Extracted data
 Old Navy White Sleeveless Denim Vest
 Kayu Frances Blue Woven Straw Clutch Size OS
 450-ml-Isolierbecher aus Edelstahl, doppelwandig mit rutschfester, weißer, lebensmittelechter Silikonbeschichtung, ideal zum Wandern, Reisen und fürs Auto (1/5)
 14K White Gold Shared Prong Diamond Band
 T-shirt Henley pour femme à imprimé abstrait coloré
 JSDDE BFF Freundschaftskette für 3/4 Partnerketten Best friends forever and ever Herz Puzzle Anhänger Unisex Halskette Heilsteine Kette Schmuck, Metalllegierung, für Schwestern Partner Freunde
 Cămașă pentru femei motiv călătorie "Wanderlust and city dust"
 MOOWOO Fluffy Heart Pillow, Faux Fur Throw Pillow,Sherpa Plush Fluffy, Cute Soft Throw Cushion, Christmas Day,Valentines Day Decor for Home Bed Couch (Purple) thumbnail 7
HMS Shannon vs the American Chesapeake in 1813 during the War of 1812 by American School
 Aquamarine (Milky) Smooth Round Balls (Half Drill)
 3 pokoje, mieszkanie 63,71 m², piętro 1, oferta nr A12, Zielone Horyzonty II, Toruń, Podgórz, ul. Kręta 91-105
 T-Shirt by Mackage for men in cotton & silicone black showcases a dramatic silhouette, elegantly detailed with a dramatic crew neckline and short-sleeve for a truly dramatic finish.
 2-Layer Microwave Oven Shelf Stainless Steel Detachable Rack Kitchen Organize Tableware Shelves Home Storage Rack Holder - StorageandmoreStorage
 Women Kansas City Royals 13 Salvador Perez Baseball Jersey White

Work required
Make a list of all lines in the data that contain "Home".

Output of the task
 MOOWOO Fluffy Heart Pillow, Faux Fur Throw Pillow,Sherpa Plush Fluffy, Cute Soft Throw Cushion, Christmas Day,Valentines Day Decor for Home Bed Couch (Purple) thumbnail 7
 2-Layer Microwave Oven Shelf Stainless Steel Detachable Rack Kitchen Organize Tableware Shelves Home Storage Rack Holder - StorageandmoreStorage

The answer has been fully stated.